Commoners, per se, did not have surnames, but were known by their occupation, (copper, potter, smith)place of residence(hill, forest, whidby,York, dale-a valley, physical characteristic (tall, short, whitehead) or patronymic (ex: son of David, or Davis, Davidson, Davidsson, depending on region Welsh, Scotch, Saxon, Norse or Dane in which the first of the name lived).
By the way, any town or name which ends in "by" is of Norse origin. For instance Gouldsby was Goulds farmstead. And these farmsteads became vills and towns
Personally I abhor the term illegitimate,as it has an unsavory and derogatory cultural connotation, for me non paternal event is sufficient, and NPE's can be from many different events other than intercourse outside the blessings of a religion or state.
Slaves in America were not allowed to marry, so they would have practices like "jump the broom". In frontier communities and especially immigrant communities, where a religious authority was not available,a couple could unite in a handfast ceremony.
As an aside, "illegitimacy" was more prevalent amongst royalty and nobility than we are informed. Stability of succession was important, for stability of the realm or estate.
Lacking knowledge of sperm and ovaries, these people believed that in the ejaculate was a "mini human" a homonculus.
Males of the era enaged in many activities that had an adverse effect on sperm carrying the Y chromosone, or were simply away from the castle too often,or some other cause, to play their role in reproduction.
As a consequence, certain ministers of court, would even promote a liaison with the Queen, just to ensure stability in the realm by succession.
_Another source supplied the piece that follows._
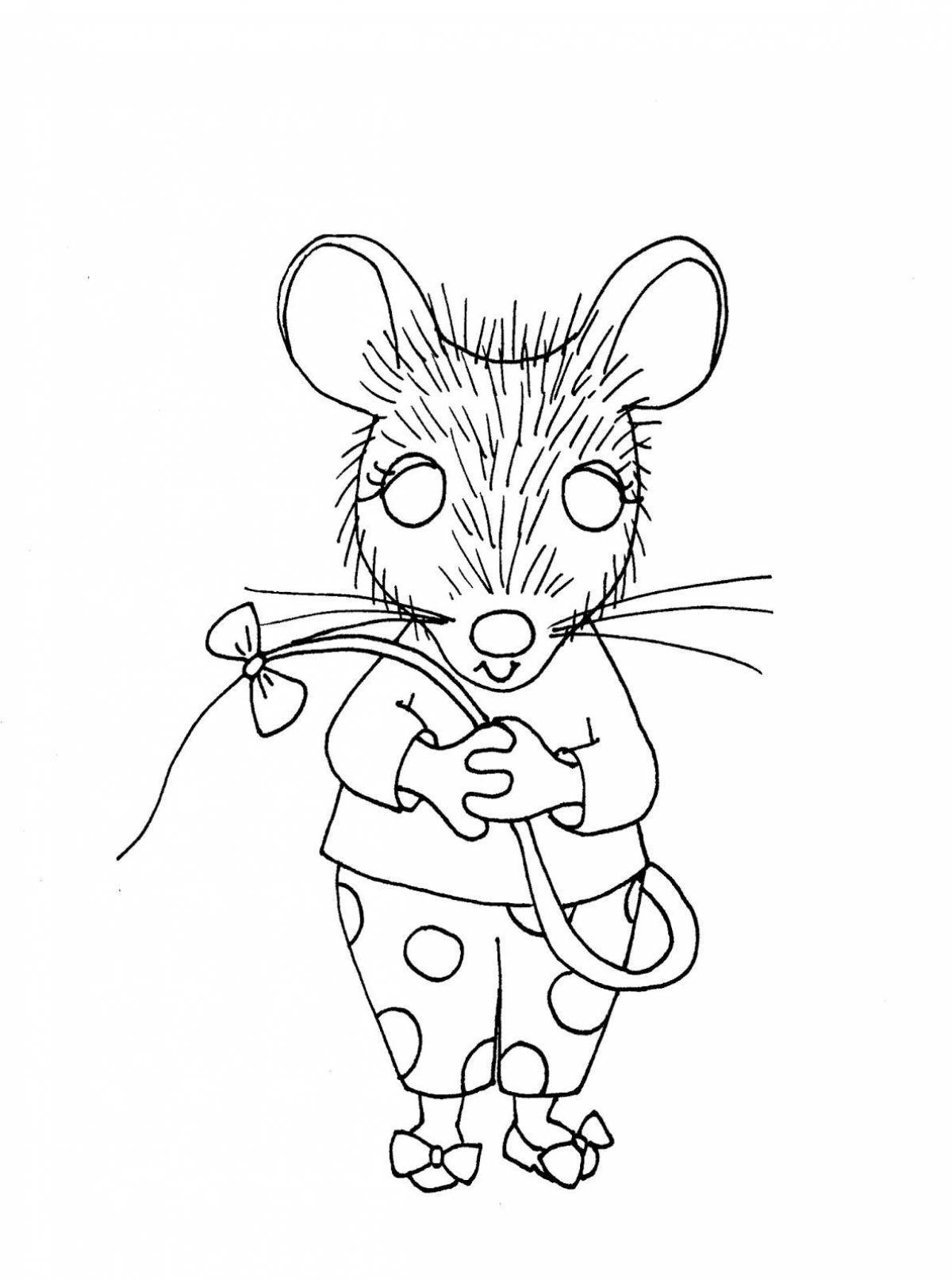 Раскраска радостная мышь норушка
Such a cause might be the reason that YDNA testing of Richard III revealed a different Y haplogroup than other descendants of Edward III.
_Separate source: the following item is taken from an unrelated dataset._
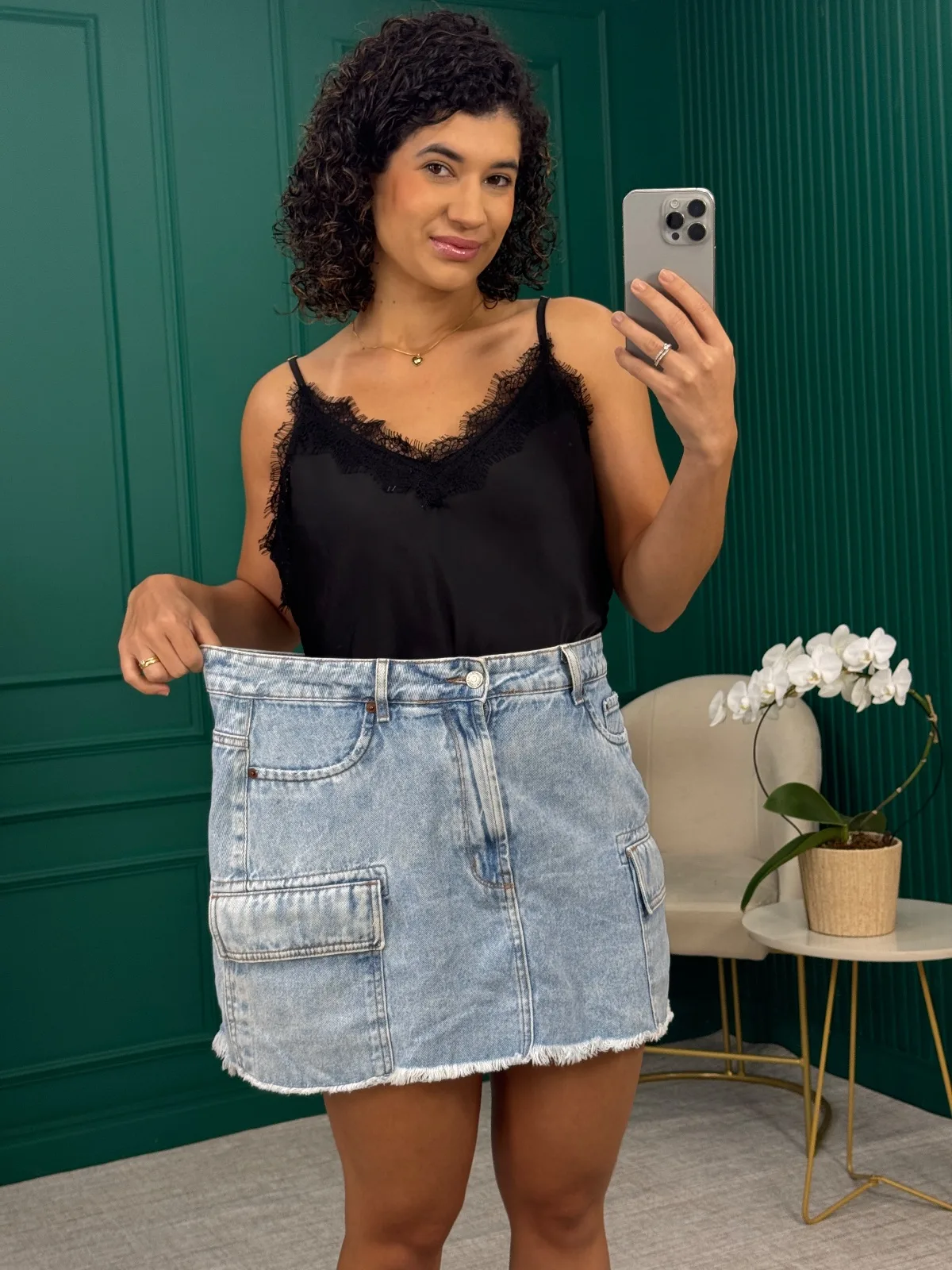 Shorts Saia Jeans Cargo Curto 100% Algodão - Denim Zero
It is questionable if any of the descendants of Edward III are actually his descendants. It is thought by some that Edward III was homosexual and possibly did not father any children.
At least his wife Isabella of France, took up with Roger Mortimer, had Edward III's purported lover, Piers Gaveston, executed, along with Hugh Despenser elder and younger. (all of the above are also my purported ancestors, including Edward III).
Henry VIII had difficulty producing a male heir, and most certainly for that reason his court went out of their way to introduce healthy young females into his presence, and when they failed to produce a male heir, it is my opinion that they manufactured or exposed infidelity as a means of getting rid of her and introducing another. There must have been succession panic in the court, as Henry was getting on in the years,and suffered at least one debillitating infirmity from his youth.
Had they not failed, this country (and us) would not exist, and the continent would be Spanish/French.